Ma a ben guardare, che “pubblico” non coincida più solo con “Stato” va ben oltre le risorse idriche e coinvolge molti altri aspetti rilevanti del nostro vivere: assistenza, cultura, educazione, ecc. C’è una sorta di giurisprudenza di fatto che dimostra che la funzione pubblica è esercitabile anche da organizzazioni private e pure d’impresa che non massimizzano l’interesse individuale a scapito di quello collettivo e che si dotano di assetti gestionali ispirati al gioco democratico che, va ricordato, non è un’esclusiva di elezioni politiche o anche solo dei referendum.

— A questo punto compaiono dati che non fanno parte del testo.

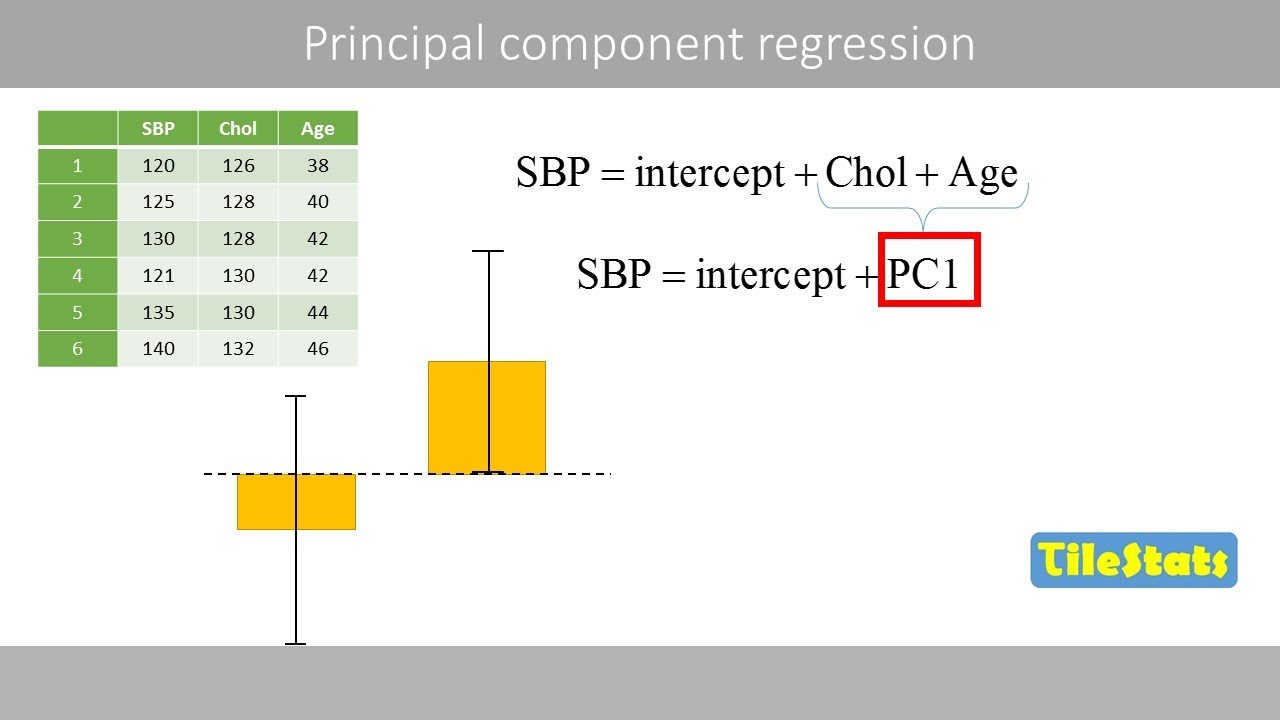 Principal component regression (PCR) - explained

Basta rileggere l’articolo 43 della Costituzione. «A fini di utilità generale la legge può riservare originariamente o trasferire, mediante espropriazione e salvo indennizzo, allo Stato, ad enti pubblici o a comunità di lavoratori o di utenti determinate imprese o categorie di imprese, che si riferiscano a servizi pubblici essenziali o a fonti di energia o a situazioni di monopolio ed abbiano carattere di preminente interesse generale». I nostri padri costituenti avevano la vista lunga, non solo in avanti ma considerando anche esperienze di gestione che affondano nelle radici lunghe della nostra storia come le comunità di regola e gli usi civici.

Direi che non ci dovrebbero essere dubbi su ciò che significa acqua “pubblica” o “privata”. In ogni caso, per capire cosa ne pensano i promotori dei referendum e i loro avversari basta fare i cittadini e partecipare al dibattito. Fra le tante occasioni segnalo il Festival dell’economia (Trento/Rovereto, 2/5 giugno). Ci saranno un paio di appuntamenti utili – si spera – a tracciare un segno sulle schede referendarie senza troppi patemi o ripensamenti.